Every economist on TV (just like Larry K. at CNBC) told us U S economy is sooooo strong. My answers “Strong my ass” Just look at Wal-Mart (1/4 of us retail sales), stock 52 week low. Target warns, Costco warns. The fact is the US “shop until you drop” retailers start to get hurt. The lower to middle level retailer, who support our economy, hurt by the prolong $50+ oil and start to drop. Last year, they “as the last one” try catching the last house buyer train use up to their neck margin (0% down payment, interest only payment loan etc) to buy the house. Now in order to keep their house payment, they start to cut their retail shopping. If the oil price continues at $50+ level, (which to me will not go down any time soon, NEVER maybe a too strong word use here.) housing could be the next get hurt.
You as a U S citizen love America. But you don’t need to buy stock now. Buy stock NOT equal to love America. Remember that your original goal to involve in the stock market is to make some money. So in some sense we are all gold diggers.

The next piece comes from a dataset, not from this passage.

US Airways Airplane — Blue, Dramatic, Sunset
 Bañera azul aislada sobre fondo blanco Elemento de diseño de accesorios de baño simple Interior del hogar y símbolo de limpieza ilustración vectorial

The fact is: this market is going down and will down more. Mark your calendar 06/25/2005. Two words “option expense”
Now just imaging a small restaurant owner told his gold digger wife “Honey, guess what, the rent checks we paid to the landlords according to accountant is real money, have to added to our expense. So our restaurant actual made less money, as a matter of fact lost some money” I can see the wife shout “I want a divorce” For the same reason I can see the market act poorly in late Jun/Jul time period. Maybe this year we should follow the old “selling at May and go away” rule. (Nowadays investor stock hold time goes shorter and shorter, include me, hehe. Lots of individual investors does not even know the co’s full name or what kind of business its in. They just trade. They also don’t care what kind of different accounting stands co. use. As long as year-to-year earning down. Stock gets the boot.)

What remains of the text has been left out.